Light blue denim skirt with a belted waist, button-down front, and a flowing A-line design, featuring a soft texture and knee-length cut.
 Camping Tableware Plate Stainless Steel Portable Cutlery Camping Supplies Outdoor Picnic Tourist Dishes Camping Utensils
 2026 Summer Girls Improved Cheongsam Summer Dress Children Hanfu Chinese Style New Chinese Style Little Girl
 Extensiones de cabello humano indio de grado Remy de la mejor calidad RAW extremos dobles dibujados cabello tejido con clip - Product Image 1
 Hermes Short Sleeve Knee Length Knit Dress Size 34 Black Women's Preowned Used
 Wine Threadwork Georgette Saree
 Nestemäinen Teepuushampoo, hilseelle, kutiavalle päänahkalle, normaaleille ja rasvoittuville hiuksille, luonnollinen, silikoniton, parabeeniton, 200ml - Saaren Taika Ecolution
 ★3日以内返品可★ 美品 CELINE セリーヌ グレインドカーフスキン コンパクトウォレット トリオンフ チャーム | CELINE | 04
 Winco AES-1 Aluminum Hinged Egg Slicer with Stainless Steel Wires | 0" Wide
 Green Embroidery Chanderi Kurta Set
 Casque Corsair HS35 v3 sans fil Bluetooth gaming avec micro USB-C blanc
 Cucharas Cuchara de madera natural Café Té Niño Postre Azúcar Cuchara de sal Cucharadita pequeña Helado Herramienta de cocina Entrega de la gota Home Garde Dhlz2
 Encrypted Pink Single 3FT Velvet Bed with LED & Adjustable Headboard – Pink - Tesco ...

**EXERCISE INSTRUCTIONS:** Where the line containing "CELINE | 04" appears in the data above, begin there and reproduce every line to the end exactly; include nothing else.

**RESPONSE TO THE TASK:**
 ★3日以内返品可★ 美品 CELINE セリーヌ グレインドカーフスキン コンパクトウォレット トリオンフ チャーム | CELINE | 04
 Winco AES-1 Aluminum Hinged Egg Slicer with Stainless Steel Wires | 0" Wide
 Green Embroidery Chanderi Kurta Set
 Casque Corsair HS35 v3 sans fil Bluetooth gaming avec micro USB-C blanc
 Cucharas Cuchara de madera natural Café Té Niño Postre Azúcar Cuchara de sal Cucharadita pequeña Helado Herramienta de cocina Entrega de la gota Home Garde Dhlz2
 Encrypted Pink Single 3FT Velvet Bed with LED & Adjustable Headboard – Pink - Tesco ...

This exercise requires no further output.